Help with Icepower 1200as2 amp please!


Hello everyone! I am having an issue with my Icepower 1200as2 module. I have ran this amp for a few years and all of a sudden it starts going into a standby mode, then comes back on for a little while, then back to standby even when a signal is passing through. When I first built this DIY project using the 1200as2 module, I hooked up 2 LEDS on the front of the chassis. When first powering up the amp, the amber LED would light up until a signal was picked up through the RCA interconnects circuitry?  So if I wasn't playing anything through the amp, the amber LED would light up and stay on until a signal was detected. I really don't want to trash the module, so if I can get some help to perhaps fix this issue, I'd be very grateful and appreciative! Thanks for any help!

Best,

Jacques

jacquesw

I do have that icepower manual but not sure what I am looking for on it? The amp module was working fine for years, and all of a sudden, it started going in and out of ON and Standy modes.

 

First understand your device. Is there a switch or jumper cable used to tell it to be in stand by mode? If so, check that and make sure it’s clean. Alternatively disable it so it’s always on.

In other words, the first thing to troubleshoot is the switch/jumper which enables auto mode.  A dirty jumper, or bad switch or wire can make this misbehave. 

@erik_squires

OK, so now that I am looking at the connections I used for the 2 LEDs, I see on the manual that on page 7/42 6.2 P101: Basic Control Connector, there appears to be a jumper from pins 3 & 6. This allows the 1200AS to automatically turn between on mode and standby mode. I also had to connect the 3 signal sense inputs (pin 20,21, 22 of P102) to the audio input connector (XLR/RCA connector in chassis). So when music input appears, the 1200AS will automatically power on from standby and after no music/signal, it will go into standby after around 13 minutes. Perhaps I could cut the wires that are going to the LEDs to see if that works?
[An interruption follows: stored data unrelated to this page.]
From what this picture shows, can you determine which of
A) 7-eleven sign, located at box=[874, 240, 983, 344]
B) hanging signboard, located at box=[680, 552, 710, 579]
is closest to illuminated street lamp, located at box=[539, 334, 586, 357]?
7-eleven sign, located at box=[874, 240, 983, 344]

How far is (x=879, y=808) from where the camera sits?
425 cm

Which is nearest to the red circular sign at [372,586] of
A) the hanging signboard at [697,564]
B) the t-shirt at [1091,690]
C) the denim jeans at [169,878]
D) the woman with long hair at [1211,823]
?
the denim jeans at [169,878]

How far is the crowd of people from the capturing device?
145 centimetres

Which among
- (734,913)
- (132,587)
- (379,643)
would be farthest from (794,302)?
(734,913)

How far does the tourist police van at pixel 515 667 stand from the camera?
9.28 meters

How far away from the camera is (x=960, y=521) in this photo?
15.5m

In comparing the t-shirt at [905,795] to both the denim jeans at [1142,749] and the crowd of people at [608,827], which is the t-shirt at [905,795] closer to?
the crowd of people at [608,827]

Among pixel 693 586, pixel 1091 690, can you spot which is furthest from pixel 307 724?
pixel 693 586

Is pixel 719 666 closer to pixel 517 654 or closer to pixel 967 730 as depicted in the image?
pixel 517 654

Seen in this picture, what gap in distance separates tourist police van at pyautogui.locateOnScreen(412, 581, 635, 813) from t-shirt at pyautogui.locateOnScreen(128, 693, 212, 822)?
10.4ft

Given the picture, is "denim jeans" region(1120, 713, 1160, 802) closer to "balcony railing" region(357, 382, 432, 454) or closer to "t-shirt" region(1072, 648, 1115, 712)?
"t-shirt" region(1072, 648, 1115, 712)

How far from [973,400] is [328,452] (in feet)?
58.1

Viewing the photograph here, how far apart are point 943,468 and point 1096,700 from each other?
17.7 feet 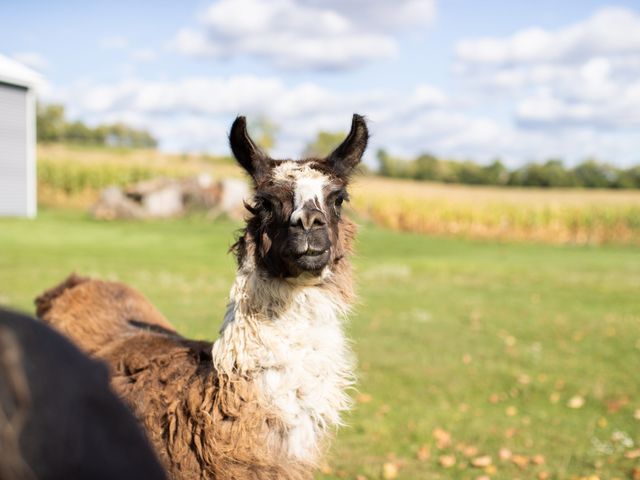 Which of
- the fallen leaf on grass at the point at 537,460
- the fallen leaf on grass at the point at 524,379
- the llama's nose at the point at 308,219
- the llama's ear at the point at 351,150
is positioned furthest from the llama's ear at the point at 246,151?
the fallen leaf on grass at the point at 524,379

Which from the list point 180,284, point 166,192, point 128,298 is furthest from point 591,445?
point 166,192

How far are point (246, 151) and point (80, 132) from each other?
79.4 m

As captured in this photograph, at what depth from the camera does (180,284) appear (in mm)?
15172

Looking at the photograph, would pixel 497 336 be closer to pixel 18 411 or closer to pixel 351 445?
pixel 351 445

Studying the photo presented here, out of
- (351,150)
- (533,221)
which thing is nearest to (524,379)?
(351,150)

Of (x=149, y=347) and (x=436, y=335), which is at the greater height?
(x=149, y=347)

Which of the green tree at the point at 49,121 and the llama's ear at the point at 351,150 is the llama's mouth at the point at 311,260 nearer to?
the llama's ear at the point at 351,150

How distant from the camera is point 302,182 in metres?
3.66

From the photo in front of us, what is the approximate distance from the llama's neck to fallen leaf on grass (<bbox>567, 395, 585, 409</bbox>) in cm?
519

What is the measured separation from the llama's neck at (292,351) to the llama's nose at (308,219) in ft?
1.15

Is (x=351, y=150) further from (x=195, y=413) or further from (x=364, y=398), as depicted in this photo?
(x=364, y=398)

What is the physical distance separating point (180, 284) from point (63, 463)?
14.4 metres

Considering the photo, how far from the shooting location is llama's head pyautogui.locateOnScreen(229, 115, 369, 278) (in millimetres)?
3469

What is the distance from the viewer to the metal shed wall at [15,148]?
23312 millimetres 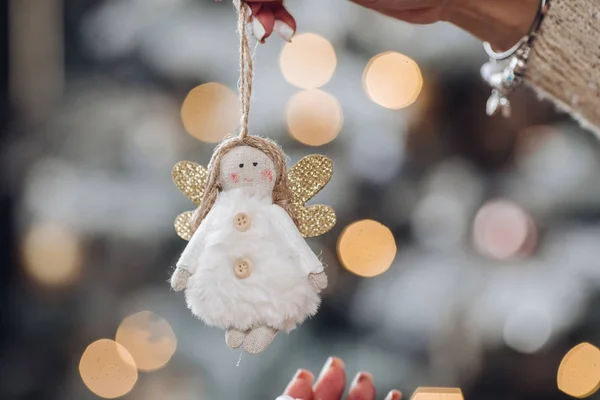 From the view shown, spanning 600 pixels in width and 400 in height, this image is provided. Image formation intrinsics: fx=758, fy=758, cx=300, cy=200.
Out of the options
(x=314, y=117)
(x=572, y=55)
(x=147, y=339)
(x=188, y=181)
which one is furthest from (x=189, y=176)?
(x=147, y=339)

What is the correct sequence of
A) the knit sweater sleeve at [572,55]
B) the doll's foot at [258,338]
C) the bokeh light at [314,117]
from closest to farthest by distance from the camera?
the knit sweater sleeve at [572,55]
the doll's foot at [258,338]
the bokeh light at [314,117]

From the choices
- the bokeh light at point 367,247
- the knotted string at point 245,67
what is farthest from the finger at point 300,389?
the bokeh light at point 367,247

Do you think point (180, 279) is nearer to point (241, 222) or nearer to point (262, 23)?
point (241, 222)

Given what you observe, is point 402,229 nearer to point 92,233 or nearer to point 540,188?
point 540,188

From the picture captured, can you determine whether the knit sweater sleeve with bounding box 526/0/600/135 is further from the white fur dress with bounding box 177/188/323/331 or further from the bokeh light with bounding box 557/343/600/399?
the bokeh light with bounding box 557/343/600/399

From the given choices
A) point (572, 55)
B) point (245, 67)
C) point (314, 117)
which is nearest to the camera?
point (572, 55)

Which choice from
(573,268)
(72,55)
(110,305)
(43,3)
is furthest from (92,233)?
(573,268)

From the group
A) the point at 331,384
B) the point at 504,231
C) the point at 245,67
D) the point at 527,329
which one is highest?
the point at 245,67

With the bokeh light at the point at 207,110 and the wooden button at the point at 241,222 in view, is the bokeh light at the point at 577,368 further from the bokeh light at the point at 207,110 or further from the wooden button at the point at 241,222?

If you can hear clicks, it's likely a relay. Unless it has other moving parts, clicking electronics are usually relays. Maybe that'll help. 

@gregdude 

Hi Greg, So I'm assuming that it could possibly be that this relay is going south? I have an idea where it is located, but not sure how I could de-solder it as there appears to be another pcb on the bottom section that looks like the transistors and some other circuitry? I'm thinking about unplugging the connector from P102 on the board and see if that helps. That connector has 2 wires that act like a jumper. I believe this should bypass that relay? Not sure though. Thanks for your input! 

Take a look at page 7, table 5.2. 

It lists P101-6 as being the standby signal.  When that is high it enables standby mode.  P101-10 is the mute feature.

If either of those signals go high it can disable the amp.

I'd start by measuring what is happening there.  Also, consider DIYaudio they have a great community of builders.